With Germany’s citizens finding it increasingly difficult to pay the sharp increase in rent and purchase prices, particularly in the growing big cities, housing has become a political issue. The high prices are putting a strain in particular on families that are keen to buy in order to secure the living space needed for their offspring. A 120 m² privately-owned new apartment, including ancillary costs such as land transfer tax and notary fees, costs around EUR 500,000 in a metropolis. This figure rises to as much as EUR 750,000 in the seven big German cities and is considerably higher again in good locations or expensive cities such as Freiburg or Munich.
In their coalition agreement, the three ruling parties that are in power since mid-March – CDU, CSU and SPD – agreed on various measures to make living more affordable again. One of these measures is the Baukindergeld which has just been passed within the framework of the closed-door meeting held recently at the Zugspitze in Bavaria. Families should be given EUR 12,000 per child, with retrospective effect as from the start of January 2018, provided the parents’ income does not exceed a limit of EUR 75,000 taxable income plus a EUR 15,000 supplement per child. This would help an estimated 200,000 middle-income families to overcome the equity hurdle. However, it will also require a loan initially, because the subsidy amount will be paid out over a period of 10 years.

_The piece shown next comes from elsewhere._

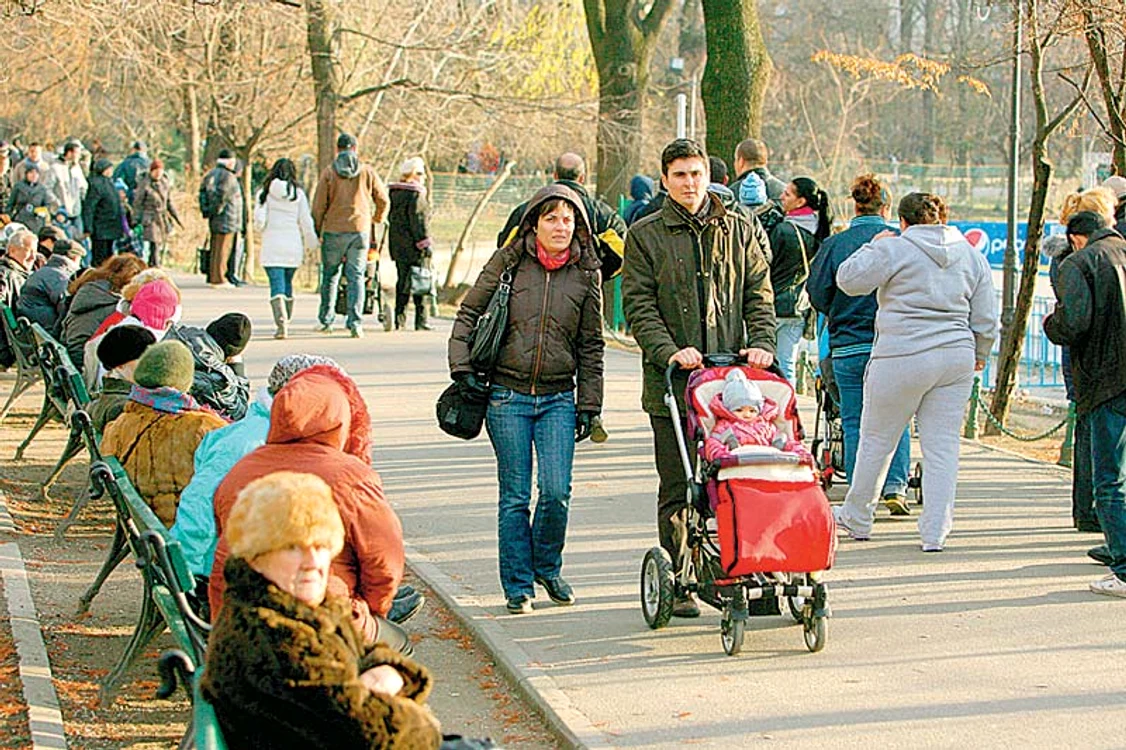 
    Zilele frumoase  i-au scos pe români  la plimbare, în parc  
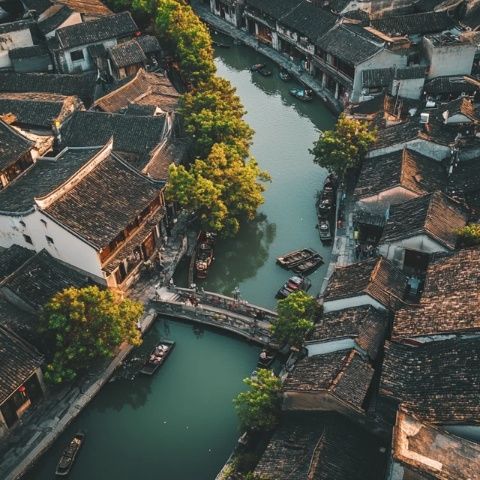 蘇州，古色古香的都市，一座有著數(shù)千年歷史的文明之城,這里的文藝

Nonetheless, the government’s gift – EUR 24,000 for two children – sounds good at first glance. The question is whether the target can be reached in practice? It accounts for nearly five percent of the aforementioned purchase price of EUR 500,000, which more or less equates to the land transfer tax. The share is somewhat higher if a cheaper existing property is purchased. However, it would be even less for new-builds in Frankfurt, Munich or Stuttgart. It sounds more like a deadweight effect, as the small subsidy portion is very unlikely to be a decisive factor in purchasing a property in the conurbations. The picture is different in the underdeveloped provincial regions. Buyers are often scarce here as a result of migration, so that houses can sometimes be bought at five-figure prices. The Baukindergeld can account for a quarter or even one third of the purchase price here. The sellers will welcome this. On the other hand, low-income families encouraged by the subsidy to buy might possibly regret their decision at a later stage, because they cannot afford the upkeep of their properties in need of repair.
The examples show that the Baukindergeld is not a solution to the fundamental problem of the sometimes extremely high prices in the expensive cities. With interest rates of less than two percent at present, the support is not that necessary in the less expensive regions. It creates deadweight effects at best that are also put into perspective if the sellers “factor in” the Baukindergeld. The home-ownership subsidy of a few years ago – one of Germany’s most expensive subsidies – led to similar mismanagement. It would be better if first-time buyers were exempt from paying land transfer tax and efforts were stepped up to facilitate cheap construction. The key cost drivers are the scarcity of and therefore expensive land zoned for building in the conurbations, as well as the increased requirements for construction and energy efficiency.